We haven’t seen much of Andrew McCarthy in front of the camera in recent years. The 53-year-old actor who leaped to fame with movies such as “St. Elmo’s Fire,” “Pretty in Pink” and “Mannequin” has been spending more time behind the lens directing projects, including “The Blacklist,” “Orange Is the New Black” and “Gossip Girl.”
Even when McCarthy has taken on an acting role in recent years, he tends to play generally nice characters.
That’s changed with the new ABC drama “The Family,” in which McCarthy plays Hank Asher, a known sex offender who is released from prison after 10 years. He was behind bars because he was coerced into confessing the murder of a young boy.
He is released when that boy mysteriously returns to his family.

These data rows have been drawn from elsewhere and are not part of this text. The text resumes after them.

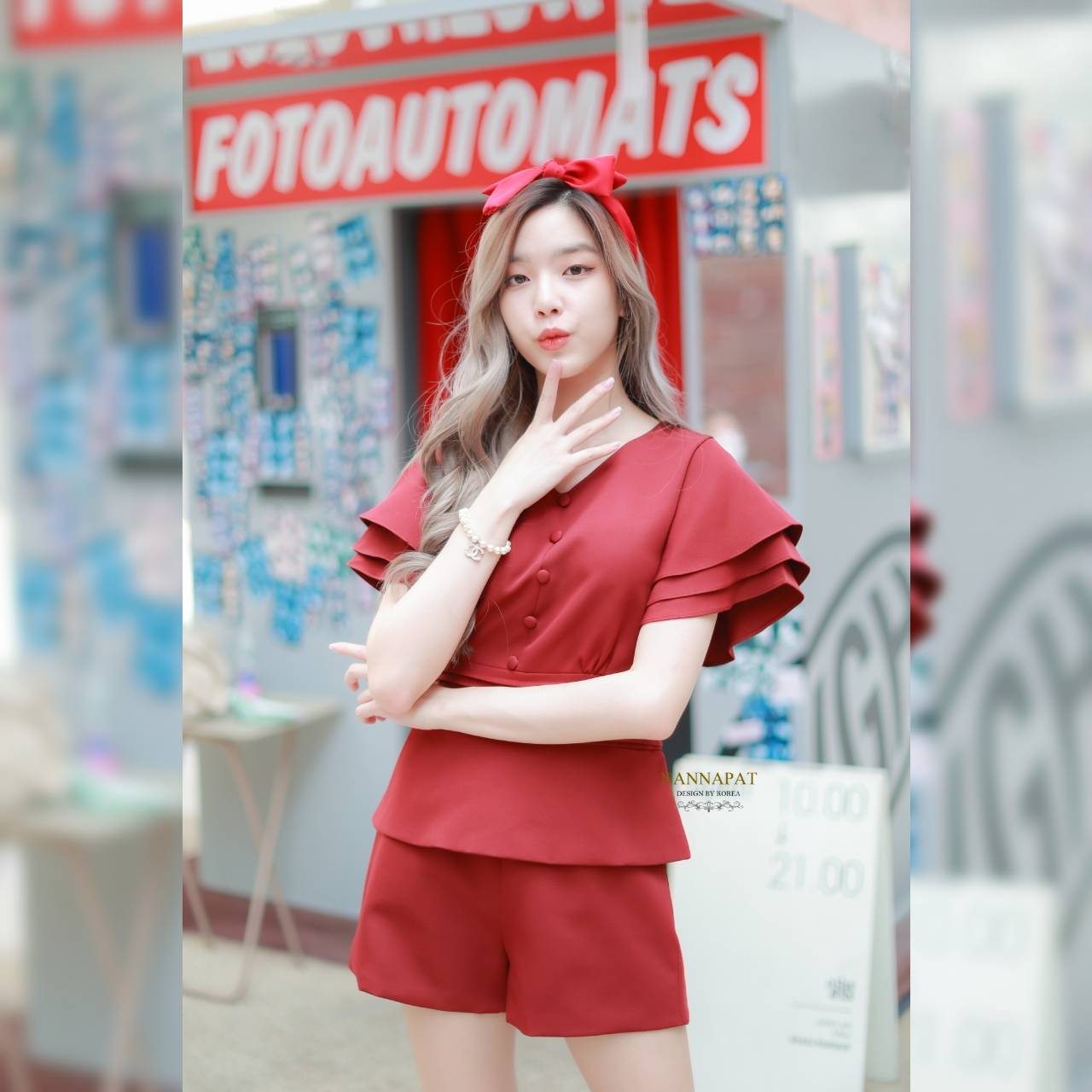 เสื้อซิปหลัง แต่งกระดุม มีฟองน้ำอก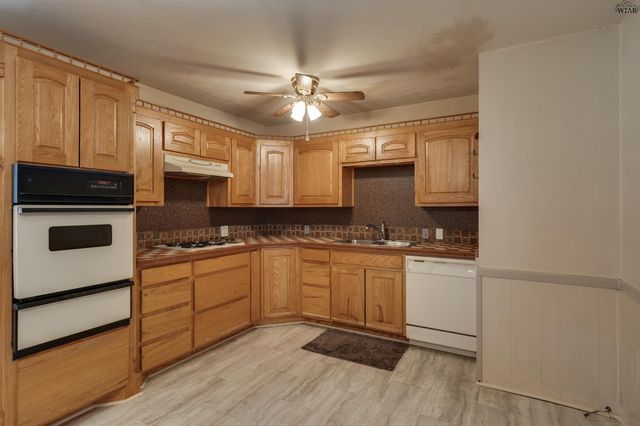 612 W REBECCA AVENUE, Iowa Park, TX 76367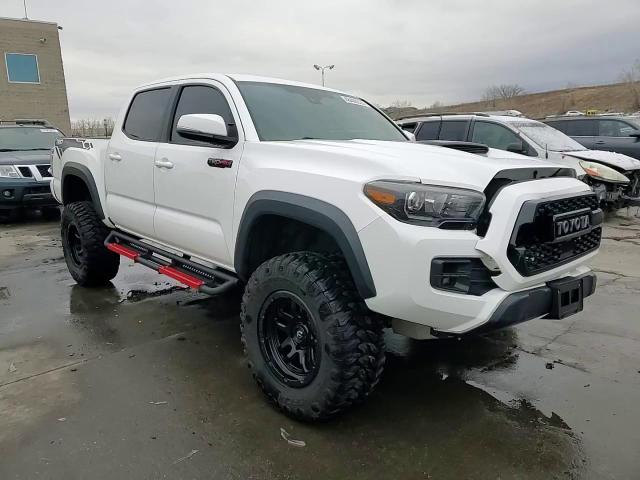 2018 Toyota Tacoma - Image 13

“Some people have asked me why I would do a role like this … and the answer is I just didn’t care, in the sense that I had nothing to protect,” McCarthy says. “Is this a good choice for a career move?”
McCarthy is certain it is. He was content working as a director, but as soon as he saw the script for “The Family,” McCarthy says knew he wanted to be part of the production.
What he read is the story of a politician (Joan Allen) dealing with her son’s return in the middle of her latest campaign. After the initial excitement about the youngster coming home, anger, fear and doubt about him begin to emerge. McCarthy’s character, for one, has a lot of anger toward the family that put him in jail.
McCarthy was initially simply interested in being a part of “The Family,” not necessarily a specific role. But the more he looked at the script, the more he became fascinated with Asher, whom he compares to a “wounded animal.”
Auditioning was easy because McCarthy knew that as a sexual pariah, Asher will have committed unimaginable crimes. But there is more to him.
“That’s a complicated thing in the sense that we just want to label those people as evil. I have three small kids. If someone tried to go near my kids, I’d be in jail for killing them. And yet they’re complicated people,” McCarthy says. “And so we all have a nature, and then we sort of fight against our nature at certain points. …
“One of the things I love about the show is that everyone seems to have a secret. Everyone has an agenda. And everyone has a version of the truth.”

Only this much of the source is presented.